Profile: Bishop Franz-Peter Tebartz-van Elst

GERMANY
BBC News

Dubbed the “bishop of bling” by German media, Franz-Peter Tebartz-van Elst has been suspended by the Vatican over claims of excessive spending.

The Bishop of Limburg was ordered to leave his diocese for an “appropriate period” after a meeting with the Pope following a scandal about the spiralling costs of a multi-million-dollar renovation of his official residence.

He is accused of spending 31m euros (£26m; $42m) on the development, which was originally costed at 5.5m euros.

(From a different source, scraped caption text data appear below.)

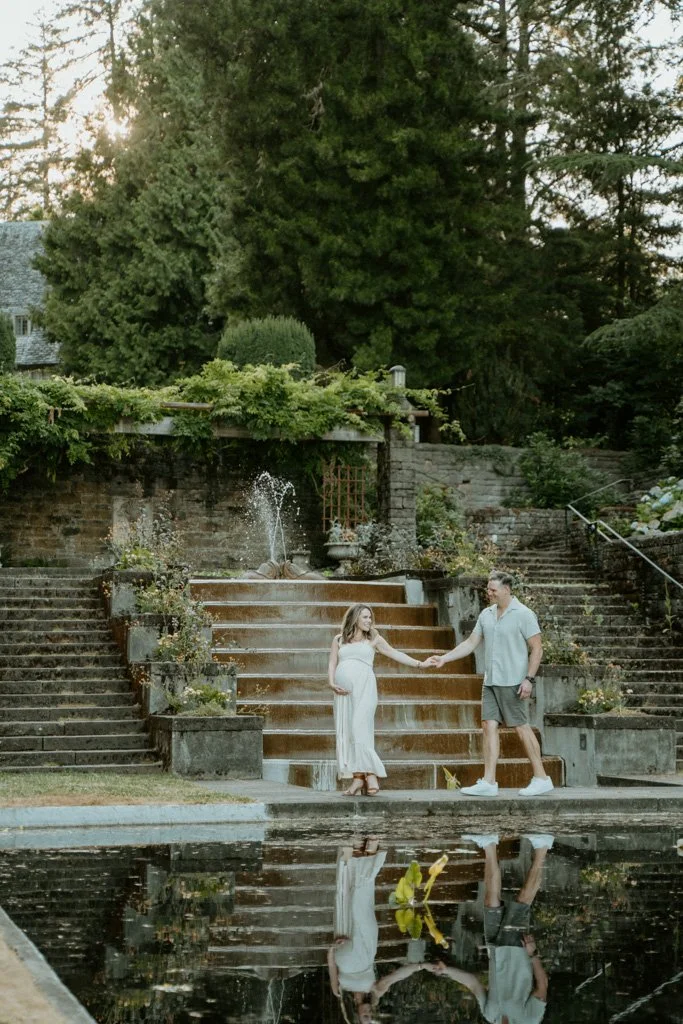 Kelsey K Photo-25.jpg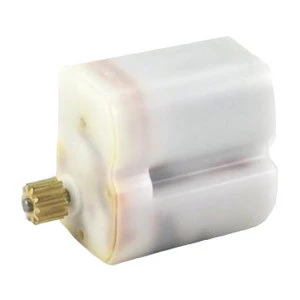 JABSCO Remote Control Spotlight Accessories Spotlight 60080 Series Replacement Motors 1 JABSCO Remote Control Spotlight Accessories Spotlight 60080 Series Replacement Motors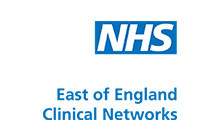 East Of England Clinical Networks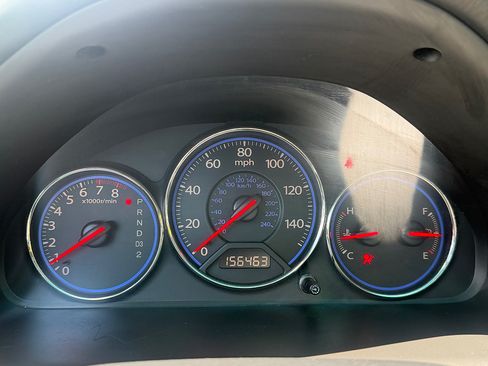 Used 2003 Honda Civic LX image 12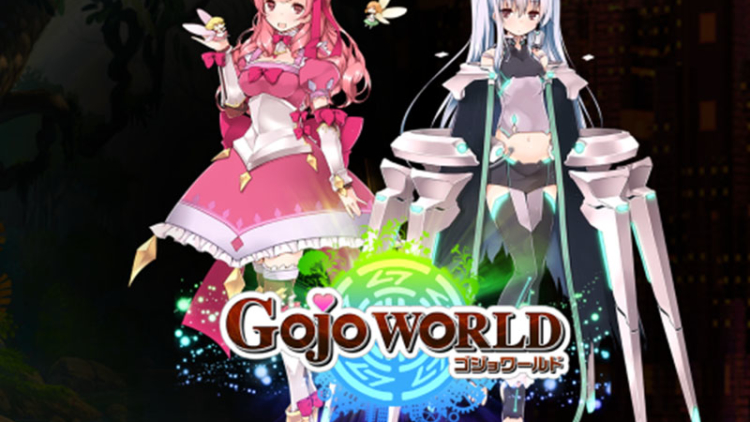 Perusahaan Taksi Jepang Luncurkan Game Smartphone Bertema Moe 0 Perusahaan Taksi Jepang Luncurkan Game Smartphone Bertema Moe 0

The bishop – and his alleged spending habits – has become infamous in Germany, where many people pay tax to the Catholic Church. …
Bishop Tebartz-van Elst was born in the village of Twisteden in north-west Germany in 1959.

He has described himself as being a loner as a child, preferring to read rather than help on his family’s farm, according to the German newspaper Der Zeit.

He was ordained as a priest in 1985 and named auxiliary bishop of Munster in 2003 by Pope John Paul II.

In an article for Deutsche Welle, German Catholic theologian David Berger says Bishop Tebartz-van Elst was a “professor of liberal ideas” while in Munster.

But this changed under Pope Benedict, he says, and he came to believe in the dominant authority of bishops.